Don’t anticipate change. React against it, or pretend it doesn’t exist. The world is changing, yes, and it’s hard to keep up, granted. But here’s a not-so-secret secret. There have always been people who are different from you. There have always been multiple possible outcomes, perspectives, and ideas. You can’t pretend them away. When you close your eyes and think of England, they’re still here. We’re still here.

Be inconsistent. I didn’t know until after graduating that students of my Evangelical alma mater did, in fact, party.

“Like birthday parties?” I asked.

“Yeah, some of them were birthday parties.”

“With cake?”

“Sure, Koh, with cake.”

Some students had sex, smoked, and drank even though all traditional undergrads and faculty weren’t allowed to consume alcohol or tobacco or have sex outside of marriage. And to this day these behaviors continue. But, if you are one of the university’s best and brightest, you can get away with a don’t-ask-don’t-tell sort of deal. In the meantime, students who are outwardly queer face the Hammer of God. Way to encourage honesty and way to go on cutting down on student drunkeness and pre-marital sex.

Encourage shame and ignorance rather than personal growth. In The Perks of Being a Wallflower, Charlie asks his friend Patrick why he sees his boyfriend, Brad’s, painful outing so positively. Patrick replies, “Because at least he doesn’t have to be drunk to love me anymore.” When you foster shame for normal human experiences, you also foster secrets being kept in darkness, and ignorance and fear of these experiences as well. I know of three recent Christian college grads whose first sexual experience was post-graduation, induced by heavy alcohol consumption, and completed without protection. Now I’m not blaming these unfortunate experiences on their college environments alone. But as I think back to recent discussion panels on sexuality at some institutions, I remember shame and holier than thou currents in equal measure, neither of which able to understand each other. If you truly are grace-filled institutions, why is it that I know faculty members who have shared their stories about sexuality—who were open and brave—only to be shut down and discouraged? Why do many students graduate ashamed of their bodies and their choices, ready for self-harm rather than knowing appropriate steps towards healing?

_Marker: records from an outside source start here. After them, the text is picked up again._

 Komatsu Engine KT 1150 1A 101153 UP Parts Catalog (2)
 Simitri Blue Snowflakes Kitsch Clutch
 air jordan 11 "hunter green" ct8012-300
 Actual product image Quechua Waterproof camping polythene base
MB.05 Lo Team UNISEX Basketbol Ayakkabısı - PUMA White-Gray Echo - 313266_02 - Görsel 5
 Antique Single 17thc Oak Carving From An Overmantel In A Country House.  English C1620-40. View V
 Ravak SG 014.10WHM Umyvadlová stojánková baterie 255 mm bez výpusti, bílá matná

Keep us in the Anger Stage. I cannot tell you how many people have told me they don’t like feminists, because the only feminists they have encountered are fresh from the Evangelical Uni. experience. They’re angry, militant, and loud. I tell folks, “Well, they should be. For a while.” It has been my experience that Christian universities have some very progressive-thinking people who nurture students who want to see equality. But when we come up against a culture and implicit and explicit rules that don’t allow us to make changes and to grow, we stagnate. We stay angry. So, if you don’t want a bunch of angry activists running around your campuses, hear us. Let us put our egalitarianism to work. We promise, it won’t hurt anyone.

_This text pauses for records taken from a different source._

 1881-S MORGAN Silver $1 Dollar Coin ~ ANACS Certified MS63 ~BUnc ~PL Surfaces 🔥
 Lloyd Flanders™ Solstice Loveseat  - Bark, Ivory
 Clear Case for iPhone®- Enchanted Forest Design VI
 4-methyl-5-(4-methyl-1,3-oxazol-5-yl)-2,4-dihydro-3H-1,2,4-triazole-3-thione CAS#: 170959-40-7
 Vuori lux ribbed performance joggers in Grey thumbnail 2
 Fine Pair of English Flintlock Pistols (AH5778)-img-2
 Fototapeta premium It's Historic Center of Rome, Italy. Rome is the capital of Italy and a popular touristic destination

Stop being brave for us. Private discussion groups in the upper room of coffee houses are great. They give us an outlet for our anxieties and our hurts, and a safe space to talk about important things. Telling us God loves us just as we are helps. But don’t stop there. If you have the power to rock the boat, rock the boat. We know it’s a risk. But aren’t we worth the risk? Aren’t the people we are and who we represent something to be brave for? Thank you for treating the symptoms of inequality. Please continue to stand with us against the disease.